**BRIEF**
Return each line below exactly as it reads, and omit any image in it.

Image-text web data
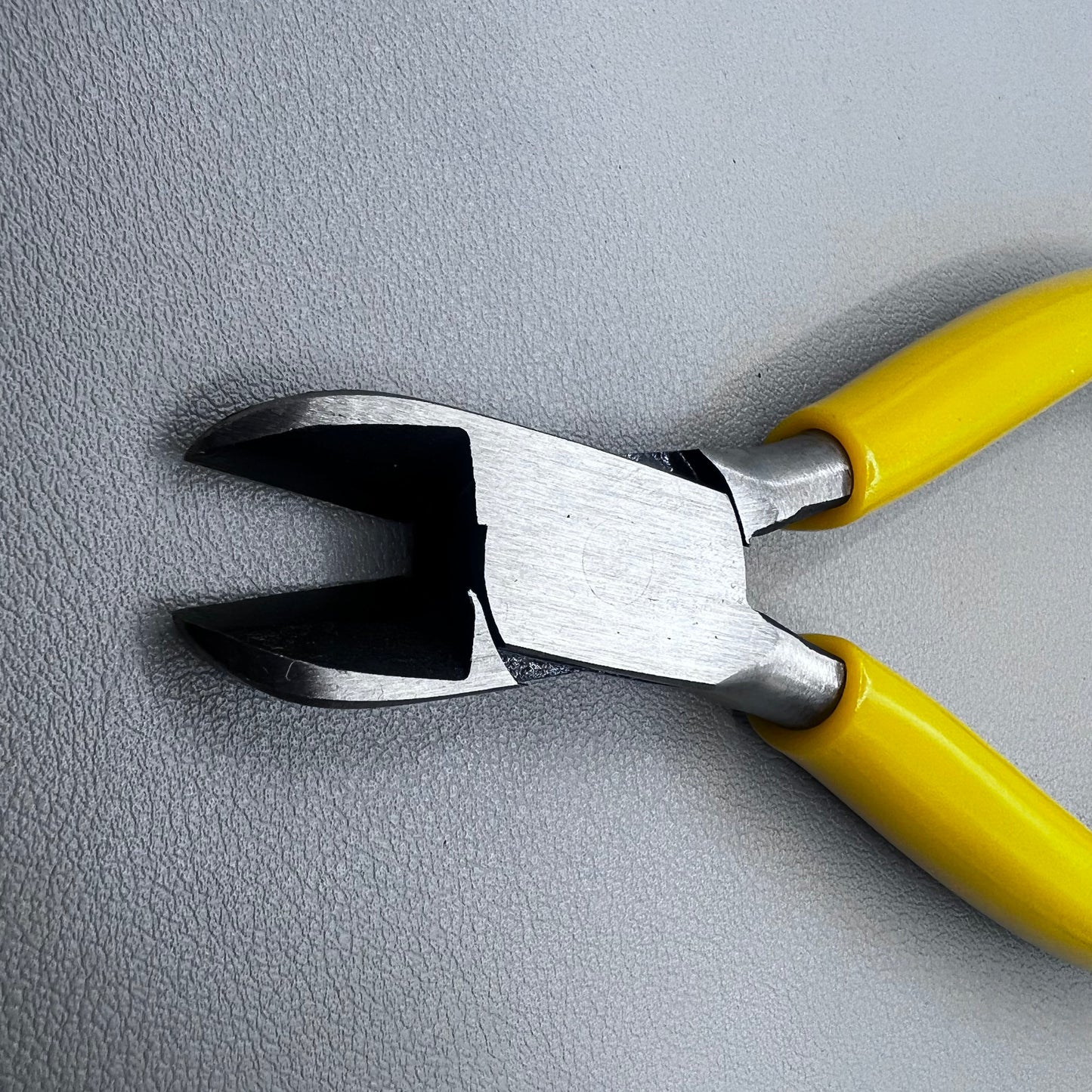 Swiss Bergeon 2629 side cutters pliers with rounded tip, 130mm precision tool for watchband adjustments.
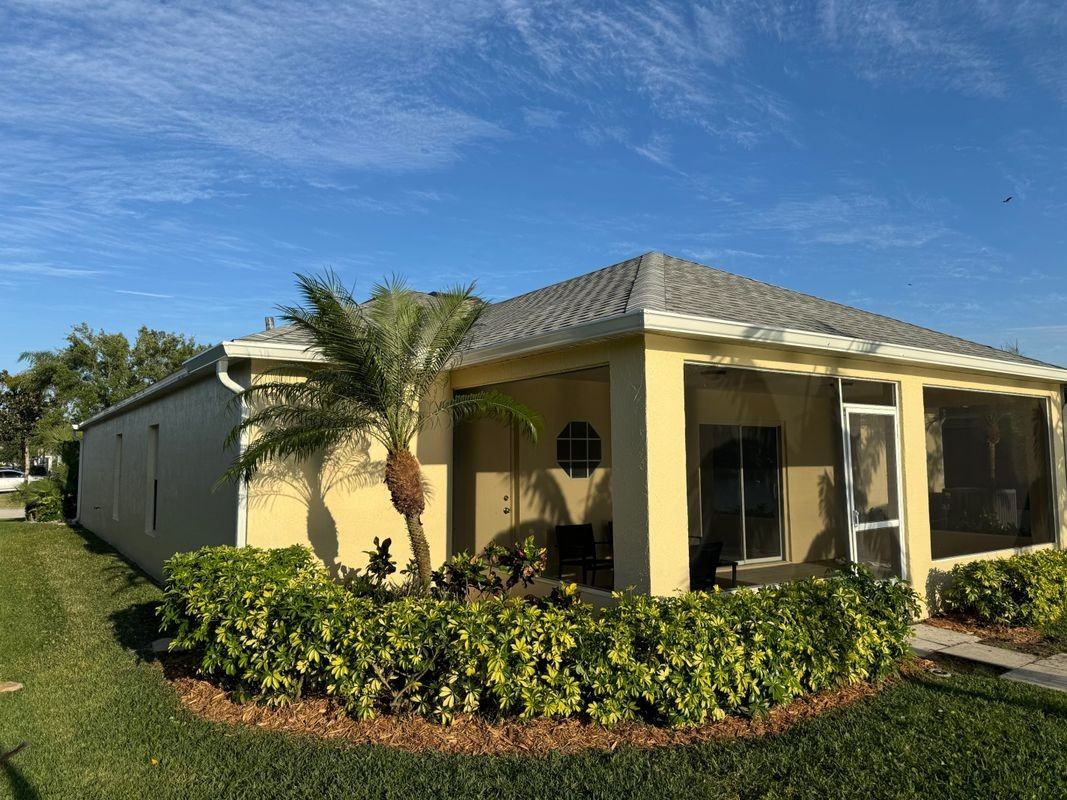 1370 Berryhill Dr - Photo 2 of 17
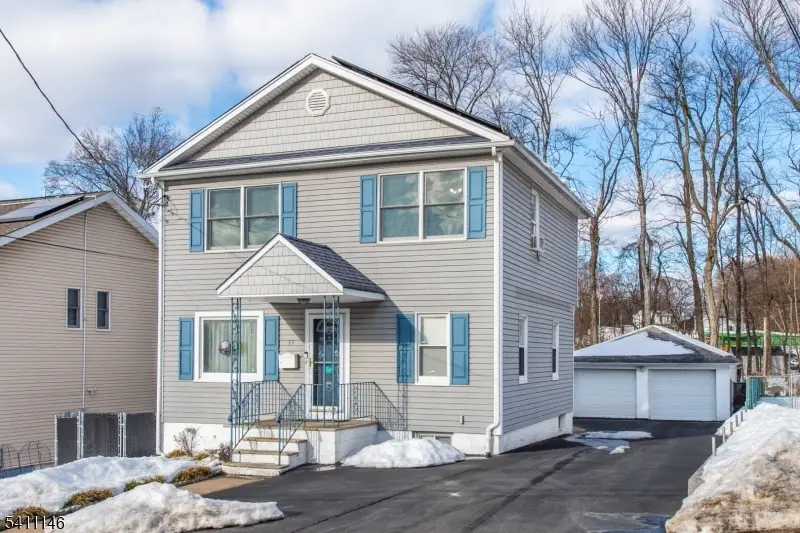 15 Rose Pl, Woodland Park, NJ 07424 - #1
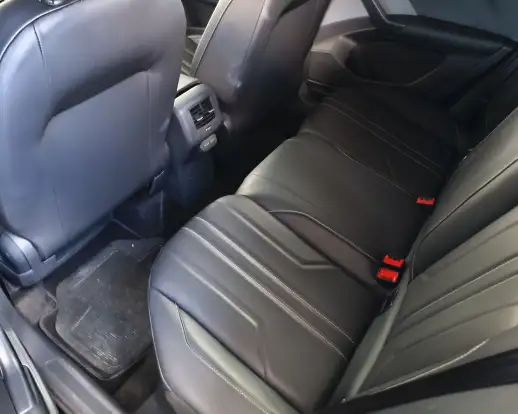 VOLKSWAGEN-T-CROSS-2025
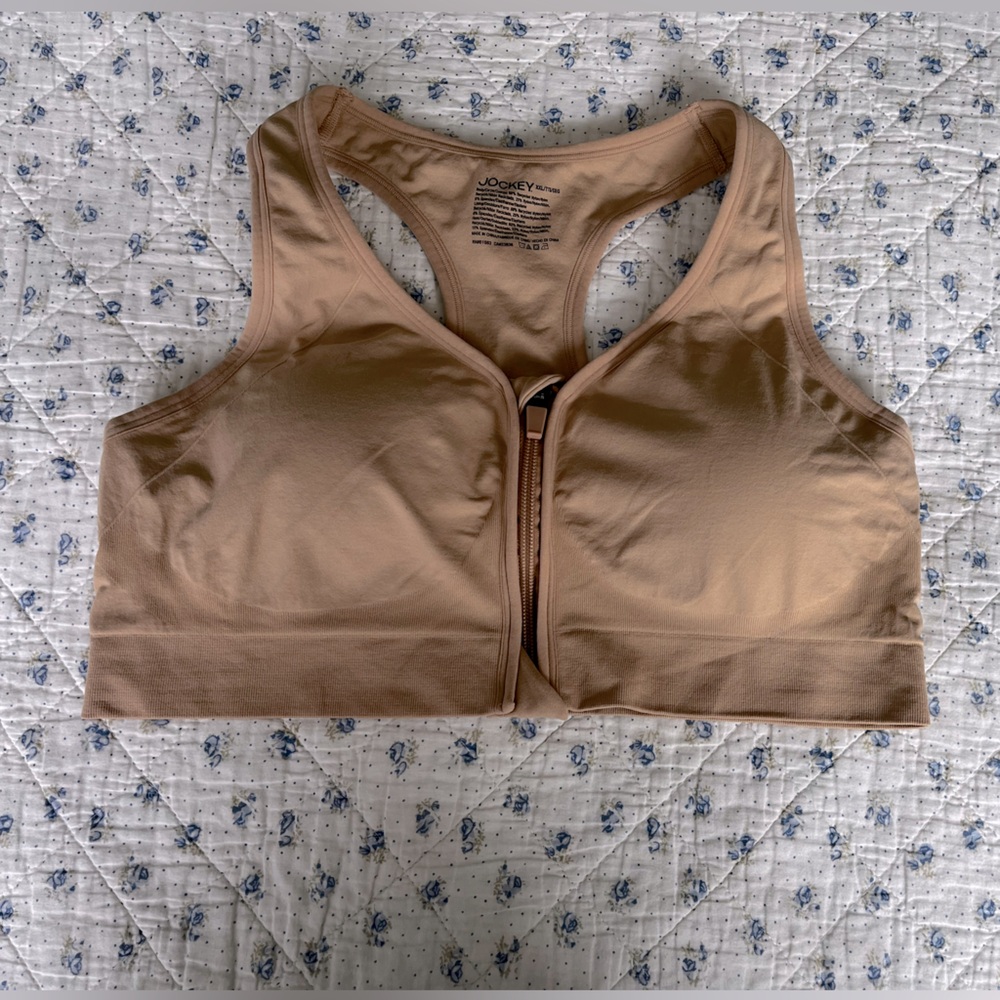 Jockey zip front sports or lounge bra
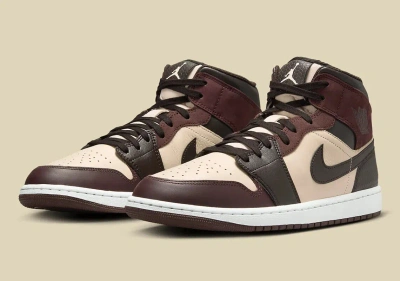 Pre-owned Nike Air Jordan 1 Mid "velvet Brown/sanddrift/metallic Gold/earth" Men's Shoe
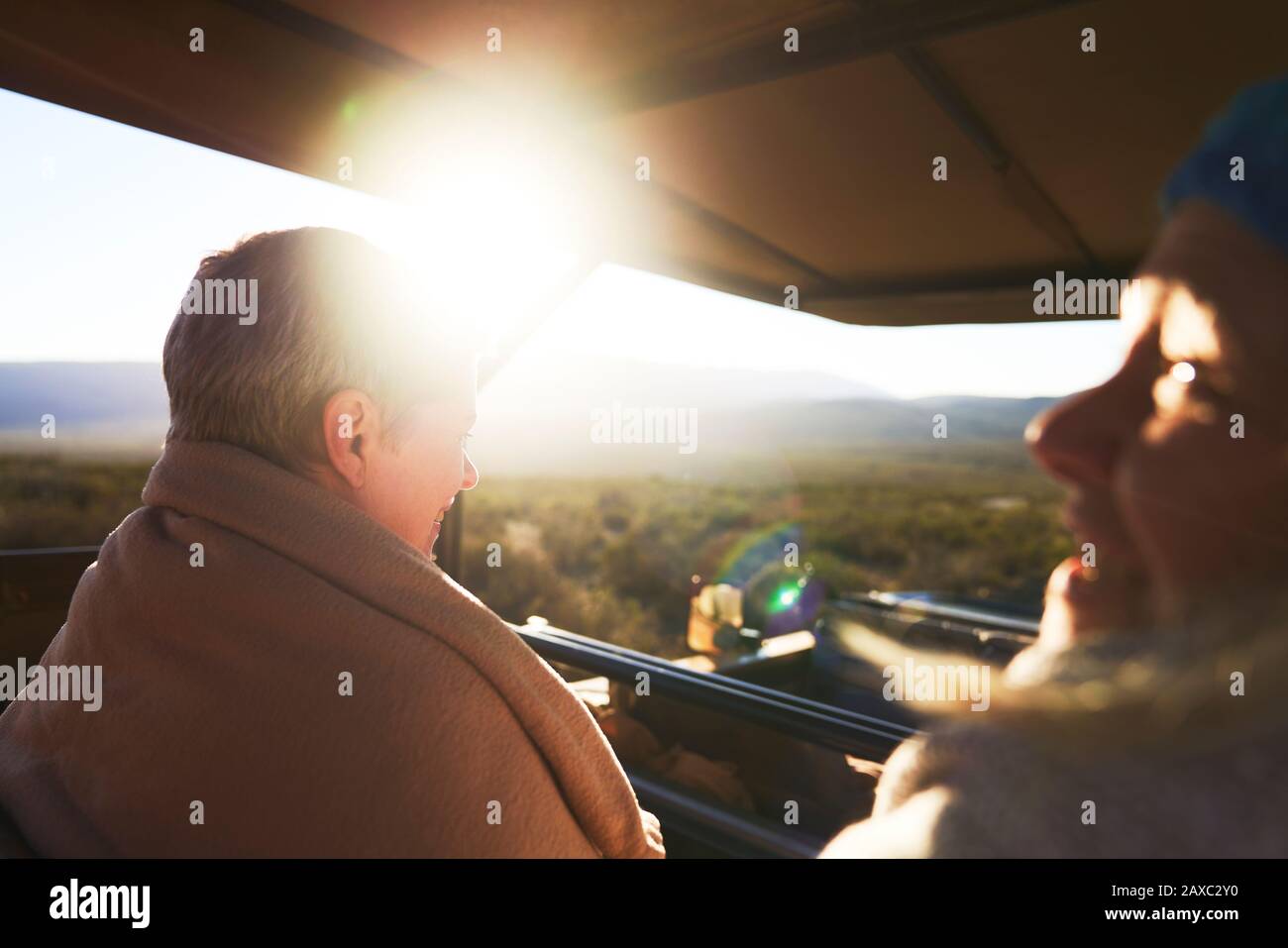 Buone donne che cavalcano in un safari fuoristrada Foto Stock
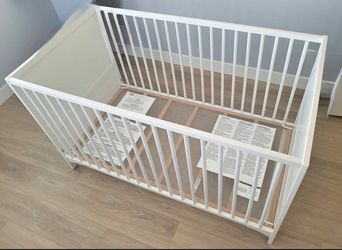 Infant/ toddler crib/ bed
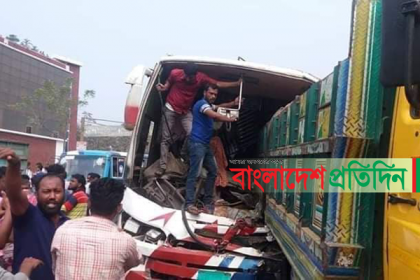 ভালুকায় বাস ও ট্রাকের সংঘর্ষে নিহত ১, আহত ১২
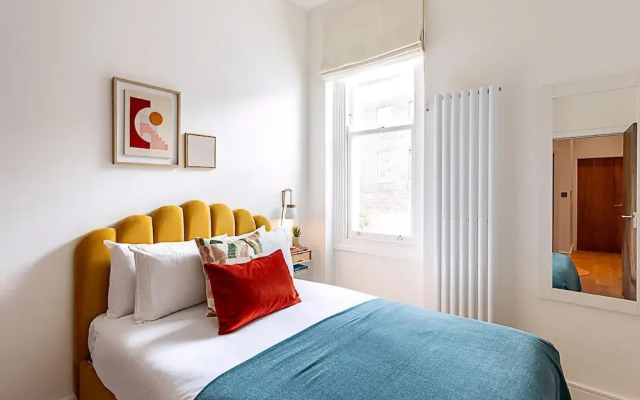 Stunning Earls Court Flat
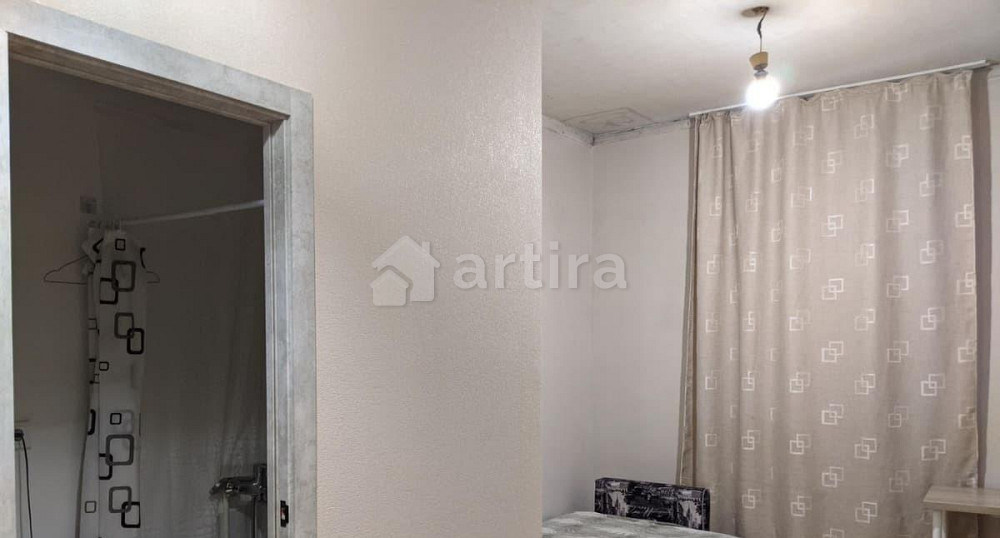 Комната, 18 м2, 1/5 эт. Ижевск - изображение 1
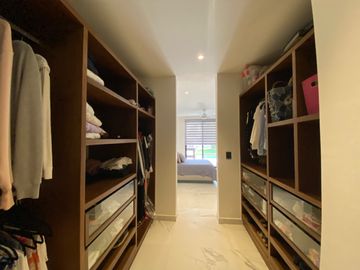 CASA CON 2500 M2 DE TERRENO, MODERNO DISEÑO CON ACABADOS DE LUJO, EXCELENTE UBICACION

**YOUR SOLUTION**
 Swiss Bergeon 2629 side cutters pliers with rounded tip, 130mm precision tool for watchband adjustments.
 1370 Berryhill Dr - Photo 2 of 17
 15 Rose Pl, Woodland Park, NJ 07424 - #1
 VOLKSWAGEN-T-CROSS-2025
 Jockey zip front sports or lounge bra
 Pre-owned Nike Air Jordan 1 Mid "velvet Brown/sanddrift/metallic Gold/earth" Men's Shoe
 Buone donne che cavalcano in un safari fuoristrada Foto Stock
 Infant/ toddler crib/ bed
 ভালুকায় বাস ও ট্রাকের সংঘর্ষে নিহত ১, আহত ১২
 Stunning Earls Court Flat
 Комната, 18 м2, 1/5 эт. Ижевск - изображение 1
 CASA CON 2500 M2 DE TERRENO, MODERNO DISEÑO CON ACABADOS DE LUJO, EXCELENTE UBICACION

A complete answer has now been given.